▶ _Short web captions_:

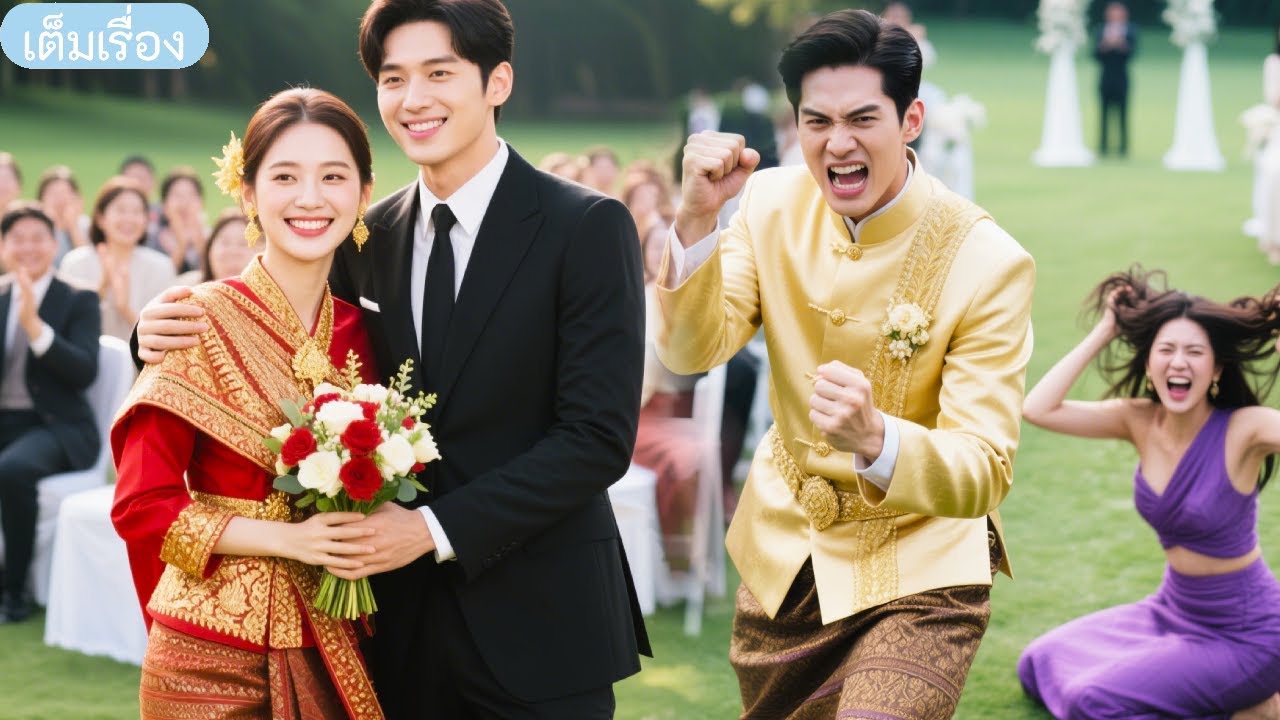 วันแต่งงาน CEO ยอมให้ชู้แต่ละเลยภรรยาที่ท้อง! ภรรยาหันหลังแต่งงานกับคู่แข่ง—CEO หึงหวงจนคลั่ง!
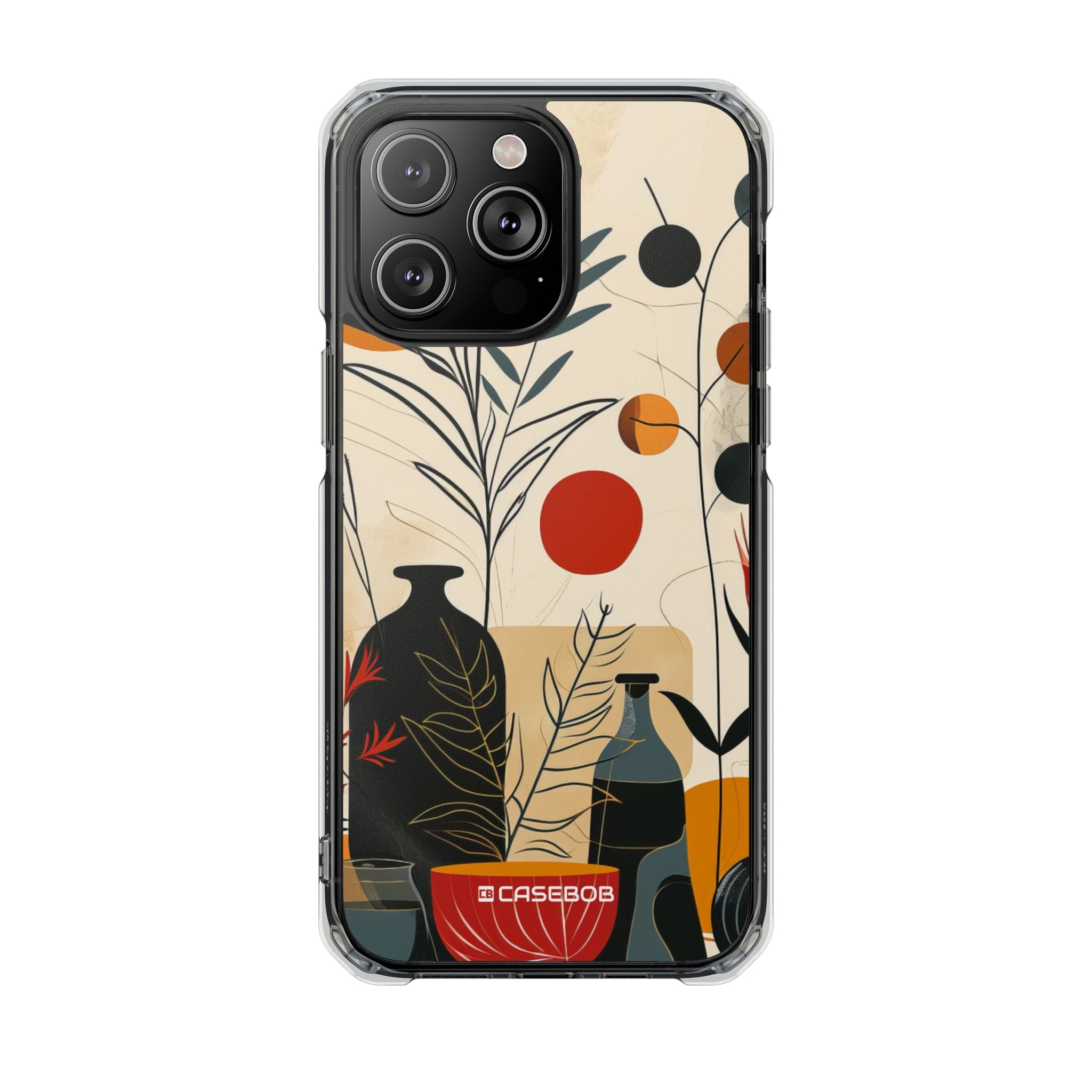 Botanical Harmony - Phone Case for iPhone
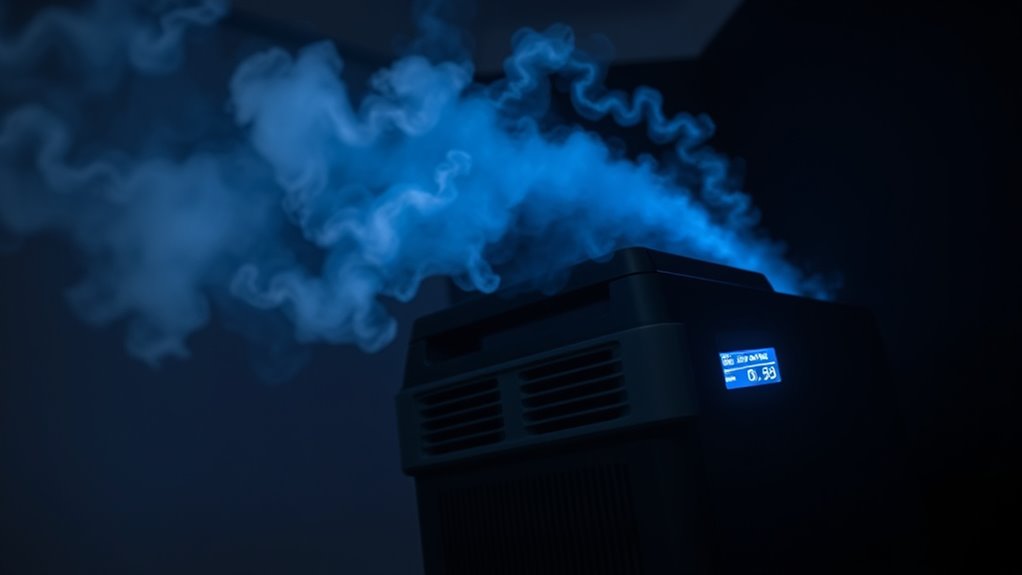 ozone neutralizes odors effectively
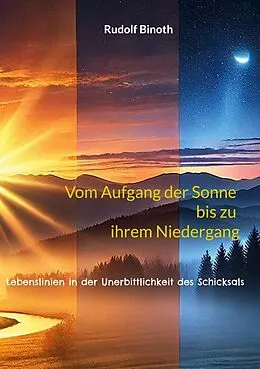 E-Book (epub) Vom Aufgang der Sonne bis zu ihrem Niedergang von Rudolf Binoth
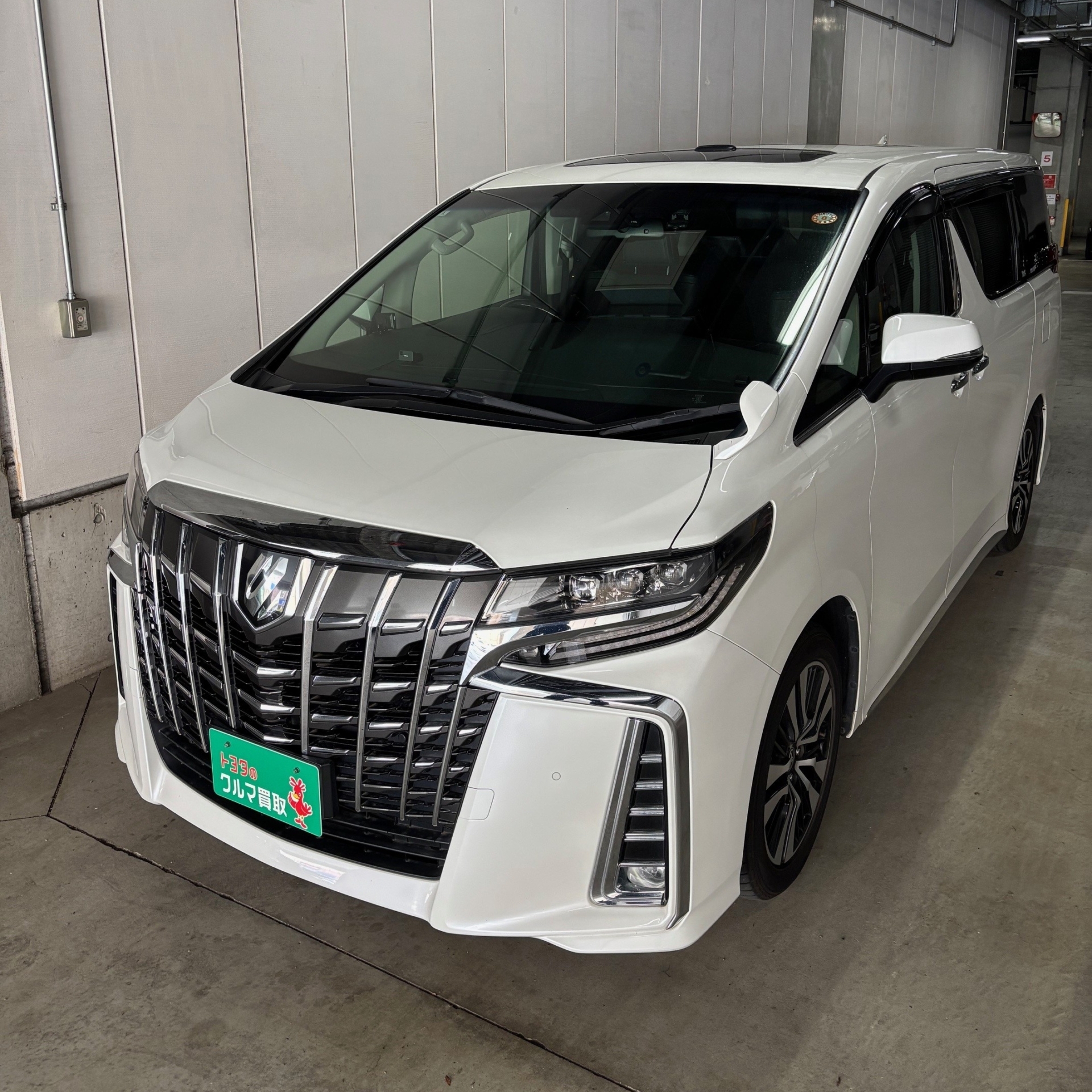 買取実績0610トヨタアルファード_8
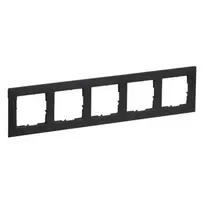Legrand 765475 sieninė plokštė / jungiklio gaubtas – antracitinė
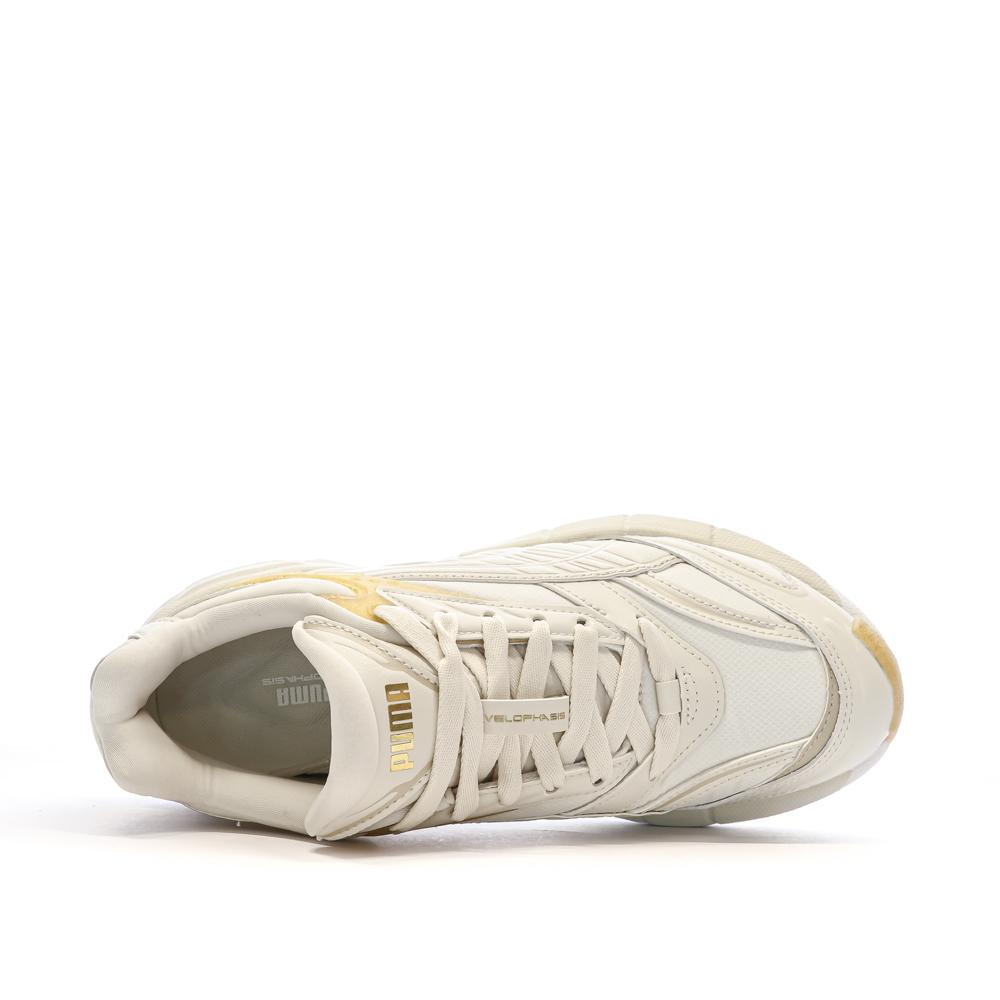 Baskets Ecrus Femme Puma Velophasis Jelly Glitter vue 4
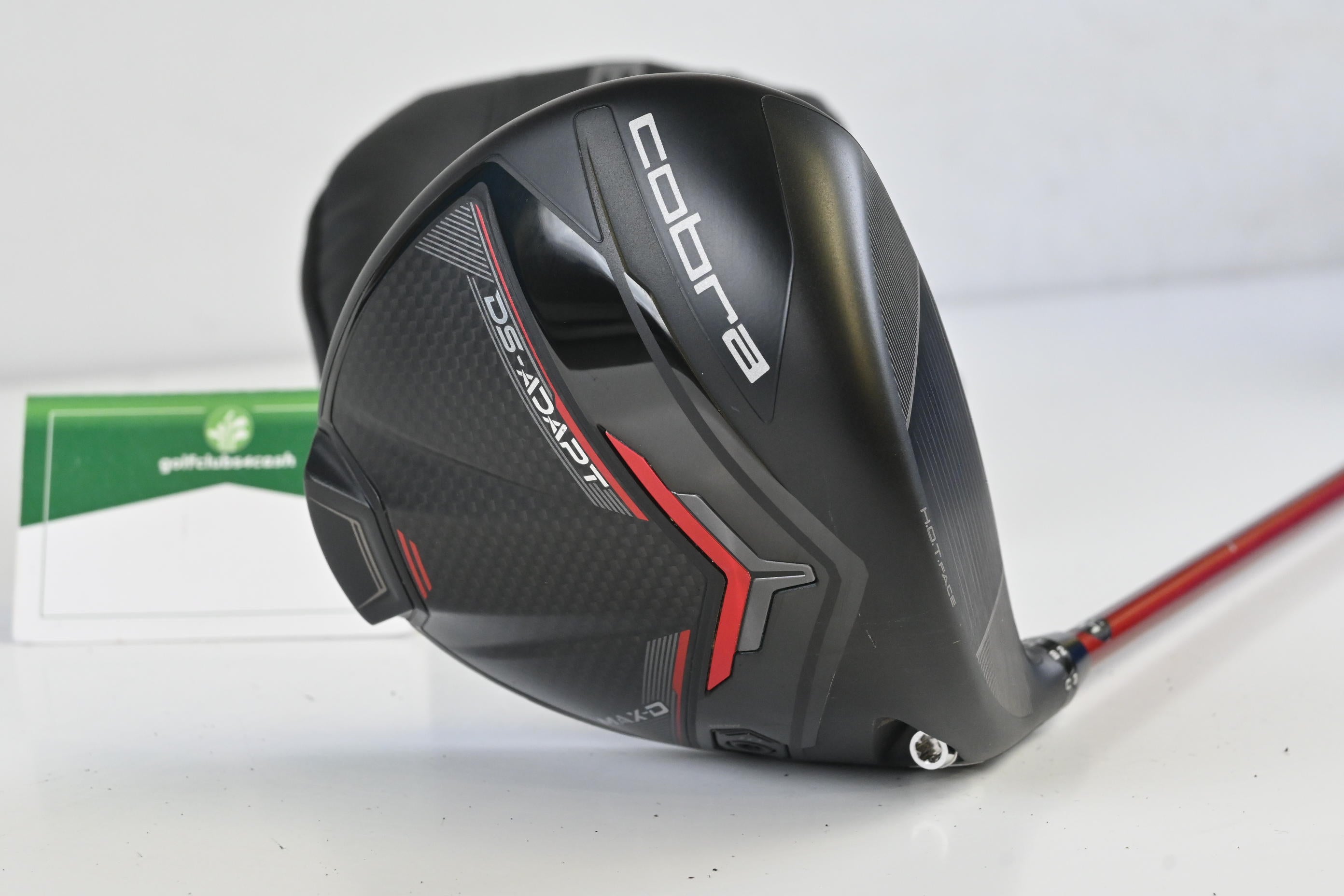Cobra DS-Adapt MAX-D Driver / 12 Degree / Senior Flex Denali Red 50 Shaft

▶ _Task directions_: Only the lines from the one with "Legrand 765475 sieninė" through the final line of the entries above should be transcribed, exactly and without pictures.

▶ _Answer to this exercise_:
Legrand 765475 sieninė plokštė / jungiklio gaubtas – antracitinė
 Baskets Ecrus Femme Puma Velophasis Jelly Glitter vue 4
Cobra DS-Adapt MAX-D Driver / 12 Degree / Senior Flex Denali Red 50 Shaft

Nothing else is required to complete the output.